Task requirements |
Go through the data below and copy it exactly, skipping every picture.

Input data |

········

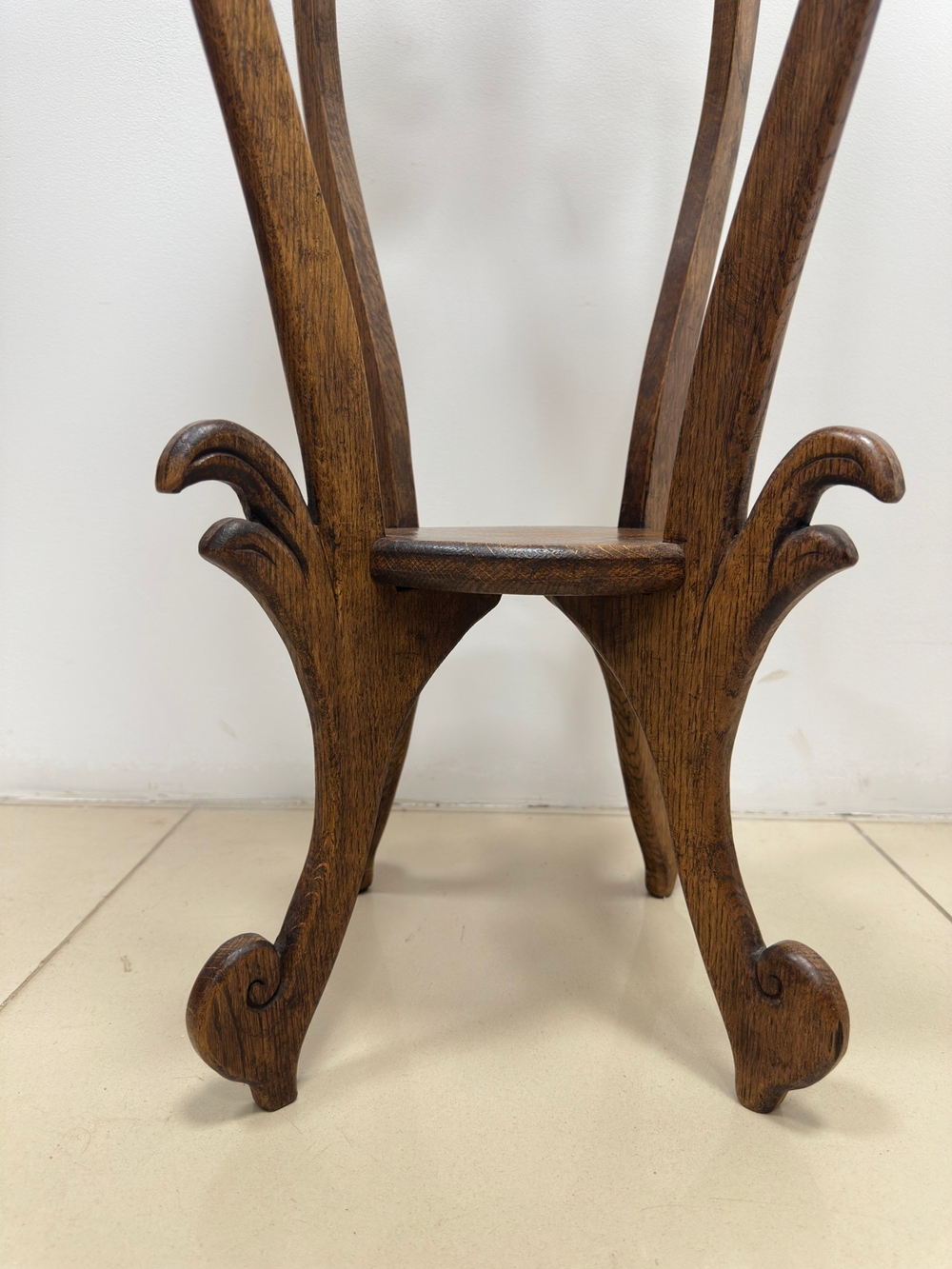 Резной деревянный столик-подставка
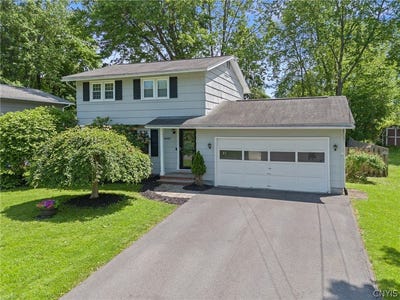 /international/us/4027-bay-park-drive-liverpool-ny-110108498201/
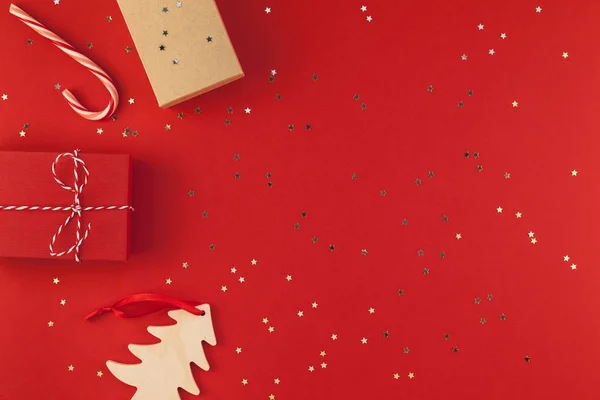 Yeni yıl Noel hediyeleri sarılı şerit düz yatıyordu üstten görünüm Xmas tatil 2019 kutlama el yapımı hediye kutu kırmızı kağıt altın sparkles arka plan boşaltmak. Mockup tebrik kartı metin tasarım şablonu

········

Your solution |
 Резной деревянный столик-подставка
 /international/us/4027-bay-park-drive-liverpool-ny-110108498201/
 Yeni yıl Noel hediyeleri sarılı şerit düz yatıyordu üstten görünüm Xmas tatil 2019 kutlama el yapımı hediye kutu kırmızı kağıt altın sparkles arka plan boşaltmak. Mockup tebrik kartı metin tasarım şablonu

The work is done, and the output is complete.